Searching for Metamorphosis
Truly a multidisciplinary artist, Jan Fabre is a playwright, a stage director, choreographer, designer and a sculptor. He also draws, paints and makes installations. Though he is primarily engaged with his Troubleyn/Jan Fabre theatre company he is, to a no small extent, known for his sculptures and drawings. It’s a very unique relationship between the two disciplines, Mr. Fabre investigates. In his drawings, sculpting techniques are of key interest, and in sculptures he seeks the freedom of a blank piece of paper and a drawing tool.
Among his acclaimed sculptures is Searching for Utopia – a bronze statue of a man riding a giant turtle, towards the sea. Presumably, Utopia is not close and/or quickly reachable, if at all-still, the man rides. Also an iconic piece, The man who measures the clouds – an homage to his late brother, a dreamer. We quote Mr. Fabre, from an interview on the subject: “It expresses the feeling of planning the impossible, which is actually what an artist does.”. A perpetual process art is, it is perhaps best described as striving.

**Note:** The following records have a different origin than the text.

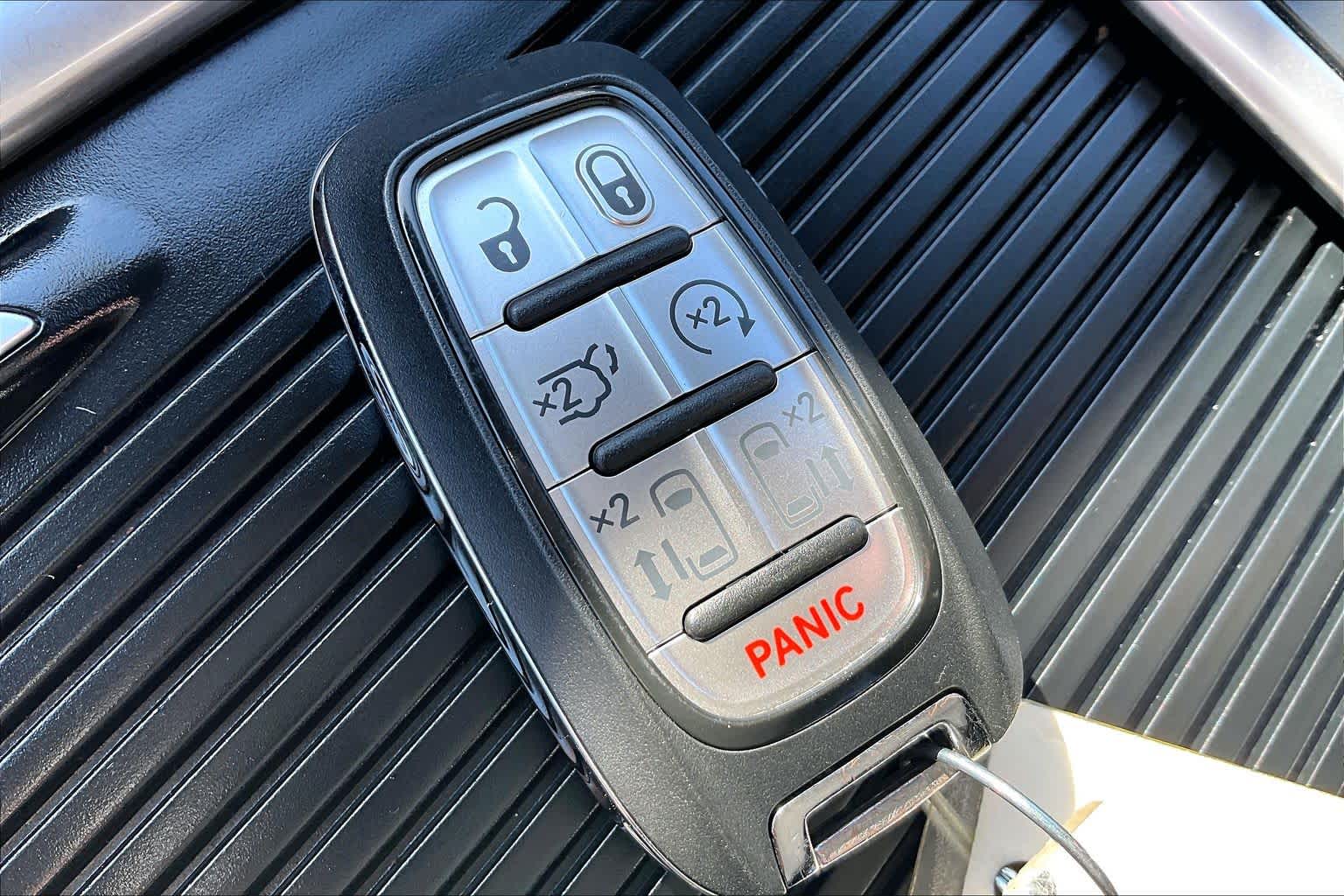 Thumbnail: 2023 Chrysler Pacifica - 17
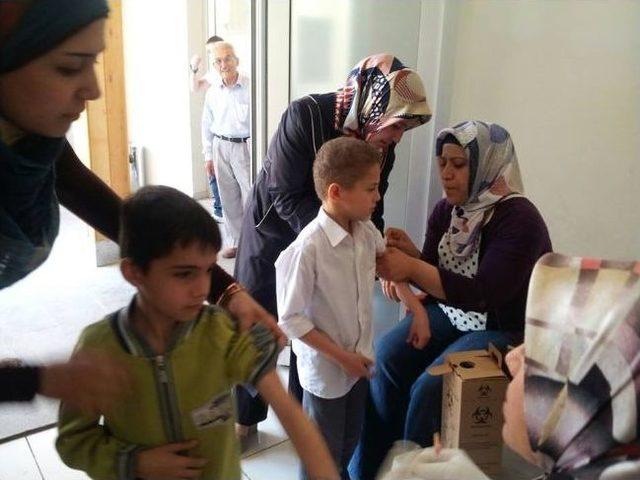 Suriyeli Miniklere Kızamık Aşısı Yapıldı 1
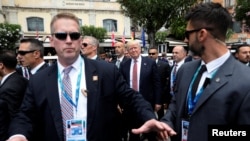 U.S. President Donald Trump is surrounded by Secret Service for an event with fellow G7 leaders during their summit in Taormina, Sicily, Italy, May 26, 2017. 
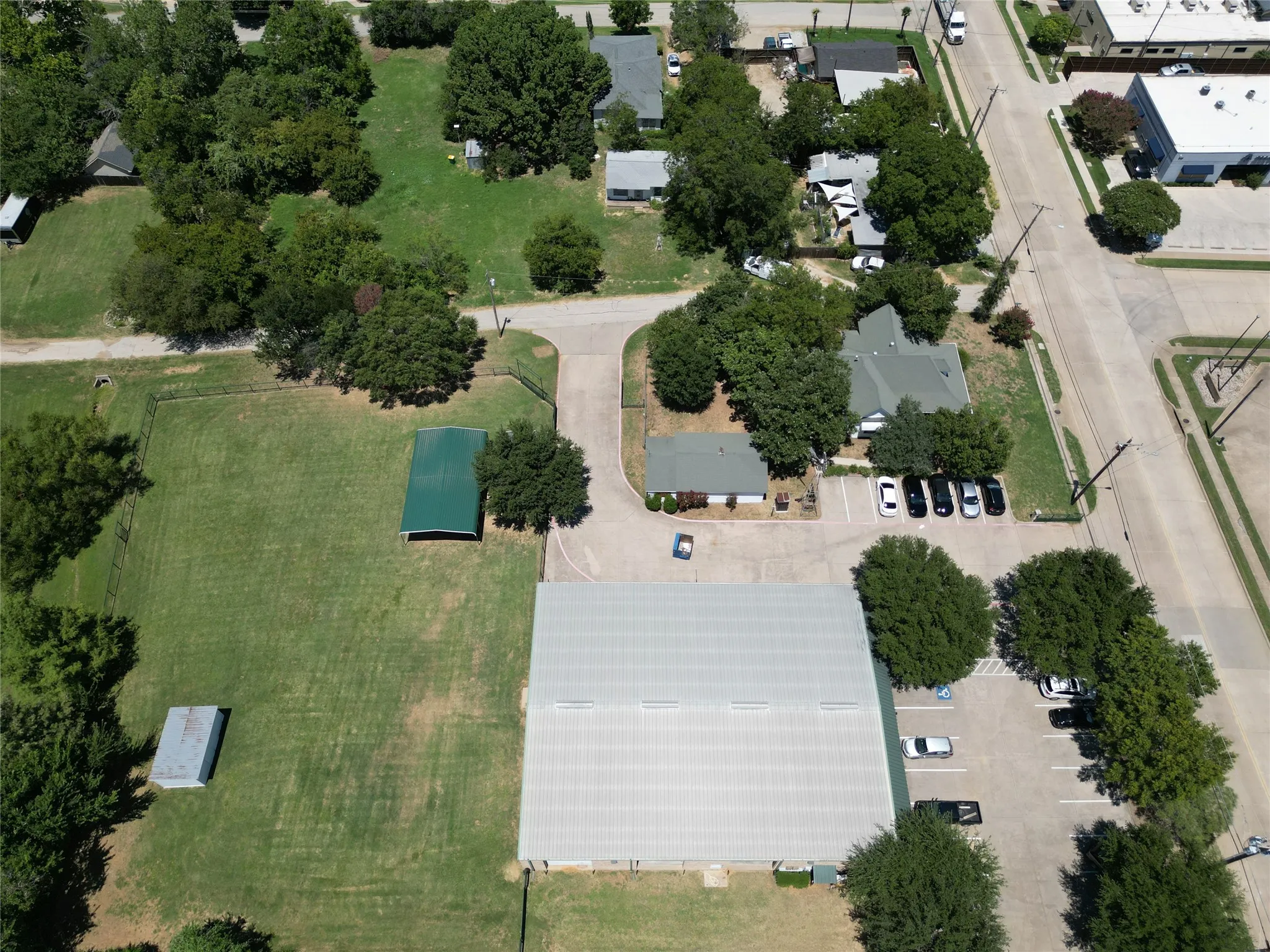 Industrial For Sale in Denton County , 729 N Cowan Avenue, Lewisville, Texas 75057, 0, 0, Garage spaces, 0 Sqft, built in 2002, mls#21345985, Real Estate Agent in Lewisville, Homes For Sale in Denton county, Homes For Sale in Lewisville, Realtor in Lewisville Texas, Real Estate Brokerage Independent Realty Texas, Luminita Cordes Realtor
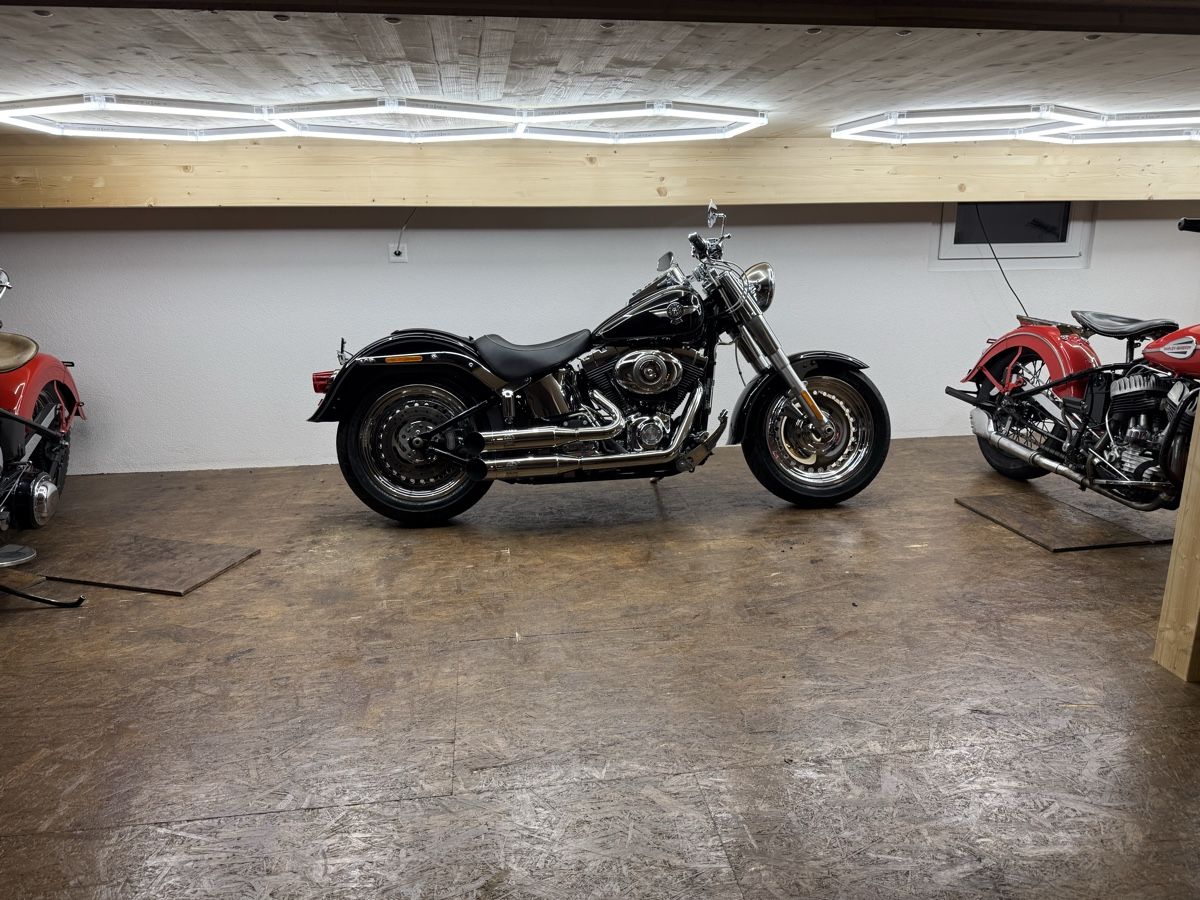 Harley-Davidson Chopper: Harley Davidson Fatboy – Usato da Ennetbürgen venduto da Astya 1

The installation in the photo below, as well as work in almost all others, is from Angel of Metamorphosis, an exhibition Mr. Fabre had in the Louvre, in 2008. We can see a man shoveling through a brain in search for ideas, or self-portraits of the artist in question, in form of a giant worm, or adorned with impressive horns – all portraying the process of metamorphosis. In free words, we would say Mr. Fabre is a firm believer in change. The power of art is to make one think, and he who thinks is bound to change. It’s the beauty in art that can imbue spectators with powerful impressions that change for good, and for the better. So, is an artist sculpting a statue, or the world itself?